On May 3, 2024, we mailed notification letters to certain MedStar Health patients whose personal information may have been involved in a data incident.
We discovered that an outside party had accessed emails and files associated with three MedStar Health employee email accounts. The unauthorized access occurred intermittently between January 25, 2023 and October 18, 2023. On March 6, 2024, after conducting a forensic analysis of the unauthorized access, we determined that patient information was included in the emails and files that were accessed. While we have no reason to believe that patient information was actually acquired or viewed, we cannot rule out such access.
The emails and files contained information that may have included some or all of the following: patients’ names, mailing address, dates of birth, date(s) of service, provider name(s), and/or health insurance information.
We apologize for any concern or inconvenience this may cause. Patients whose information may have been involved are encouraged to review statements they receive related to their healthcare. If they identify anything unusual related to the healthcare services or the charges for services, they should contact the healthcare entity or health insurer immediately.

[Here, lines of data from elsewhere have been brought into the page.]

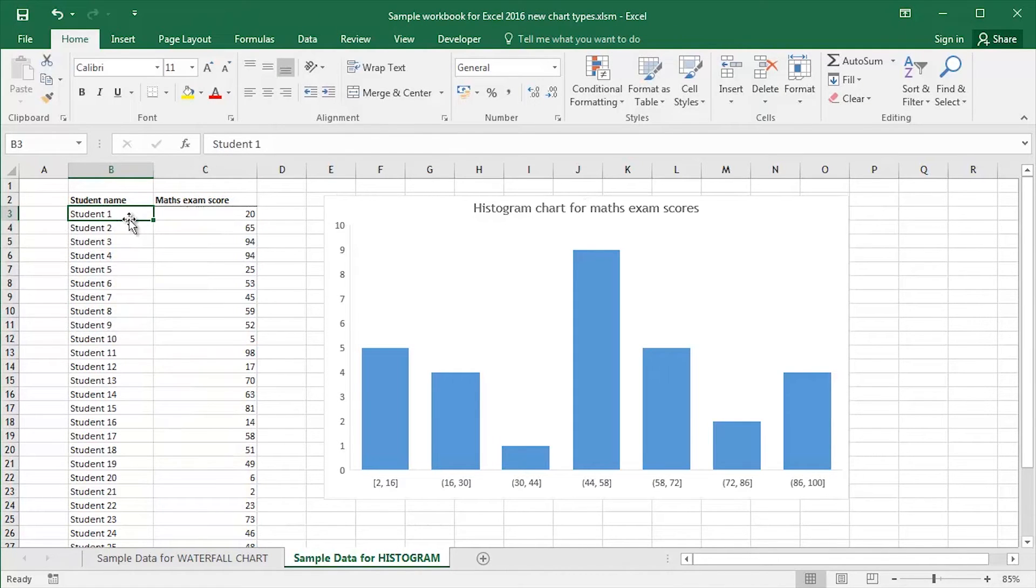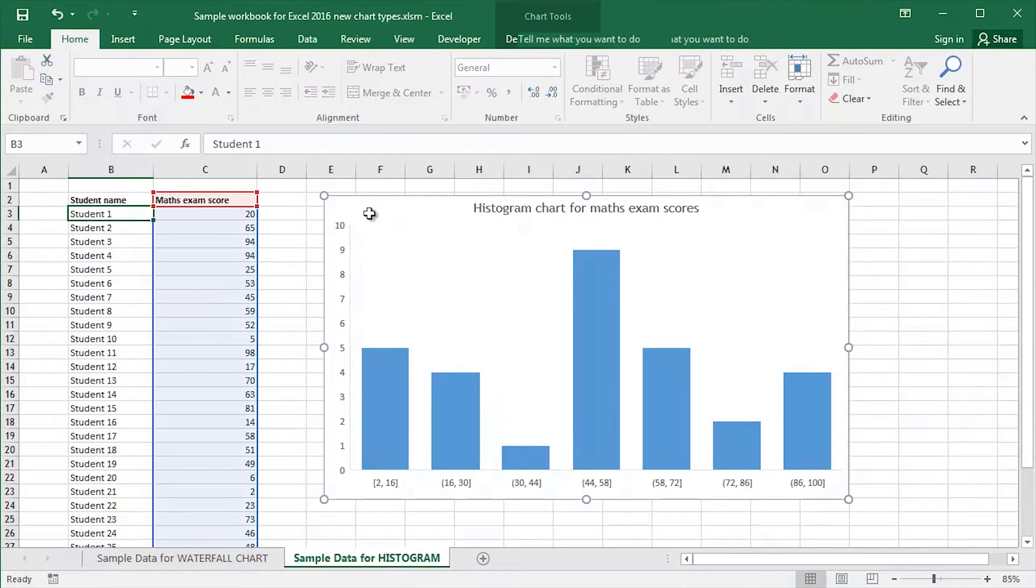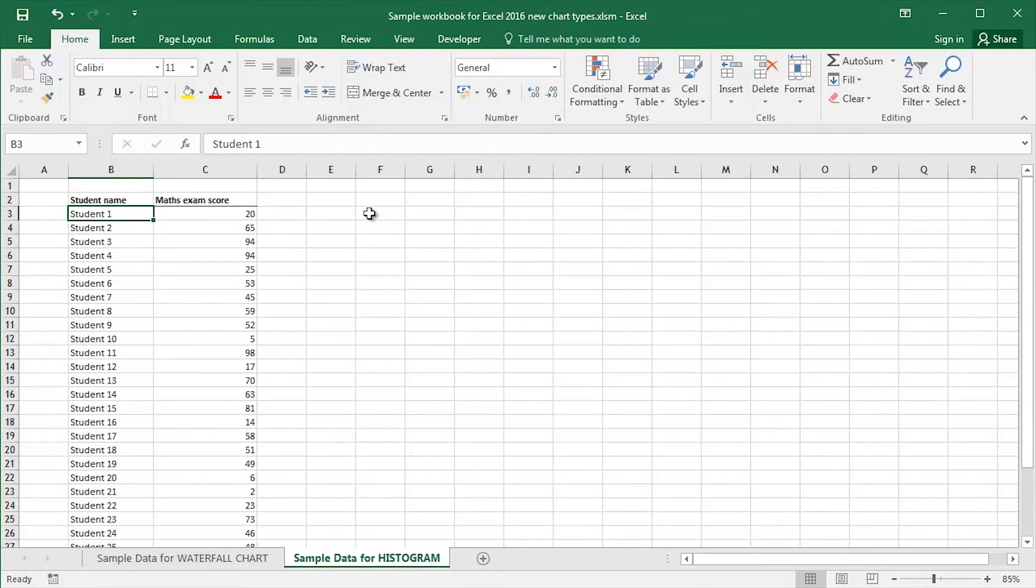To prove how quick, how easy it is to do, I'm going to recreate a histogram chart. I'm going to delete my original and kind of start completely from scratch. I click the Insert tab.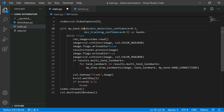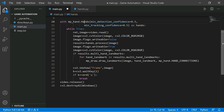The minimum detection confidence is 0.5, meaning 50% confidence threshold, and the minimum tracking confidence is also 0.5. In the while loop, we read frames from the video capture. We convert the frame from BGR to RGB because OpenCV reads images in BGR format but the MediaPipe model was trained on RGB images. For performance improvement, we set the image writable flag to False before processing, then process with 'hands.process(image)', and set writable back to True after.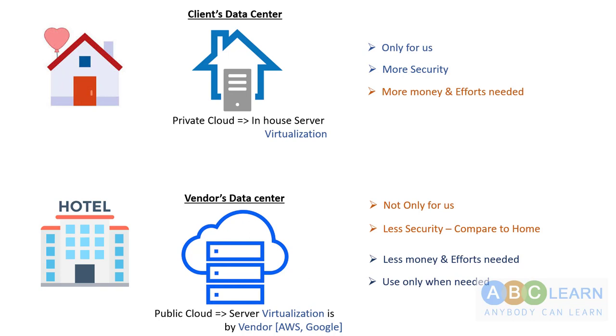This is a short one. I hope you understand a bit more about private cloud and public cloud. If you like it, give a thumbs up and subscribe and click the bell icon to get latest updates from ABC learn technologies. Thank you.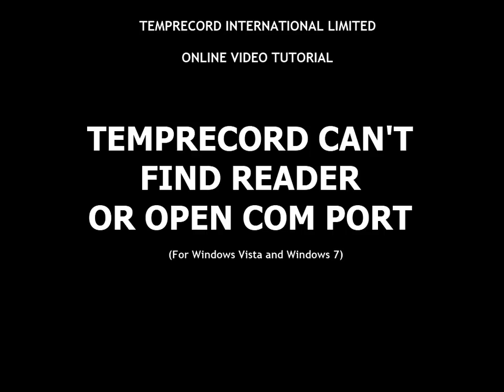Hello, and welcome to another Temprecord online video tutorial. In this tutorial we will look at what happens when Temprecord for Windows cannot find the USB reader or open a COM port.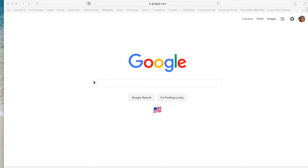Today I'm going to show you how to take all the folders you've made on your desktop that have documents in them for your classes and move those into your Google Drive. We want to do that so that you can access them from any device — you won't have to be just on your MacBook.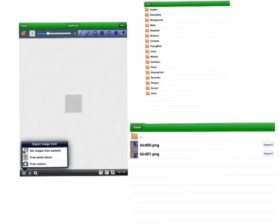Once you get to the new image screen once again press the video camera then press get image from samples. Find the bird folder again, flying birds. And this time we're going to pick bird 00. Notice that the wings are up on bird 00 and we're going to hit import.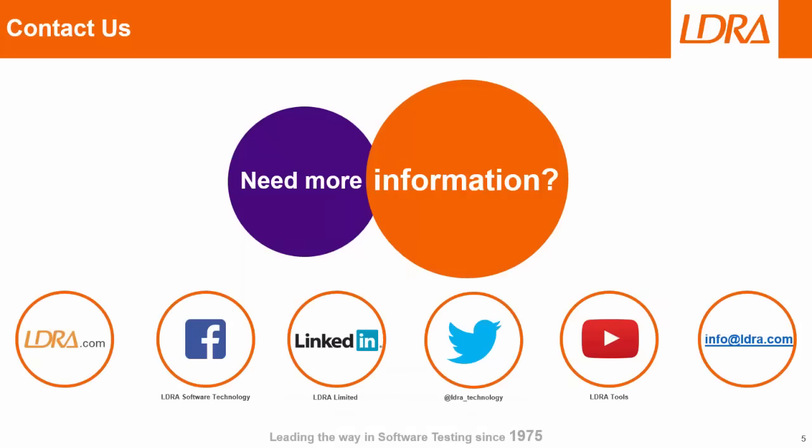OK, so hopefully, that's shown how we're able to measure worst case execution time. And if you'd like more information, then please don't hesitate to contact us at LDRA. Thank you.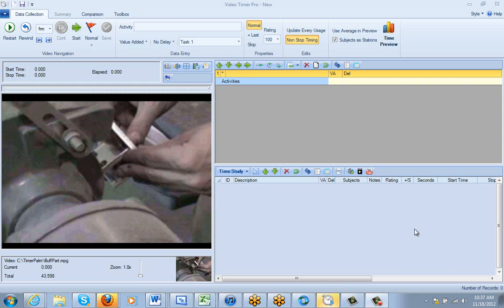In this video, we're going to show you how to assign activities and how to identify whether they're value-added or non-value-added.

We take this matter very seriously. We employ appropriate physical, technical, and administrative controls to ensure the safety and confidentiality of patients’ information. Nonetheless, to help prevent something like this from happening again, we have implemented additional safeguards and security measures to enhance our existing controls. We have also notified law enforcement.
We also established a dedicated, toll-free call center to help answer questions about the data incident. The call center can be reached at 1-888-841-4282, available 9:00 a.m. to 9:00 p.m. Eastern Time.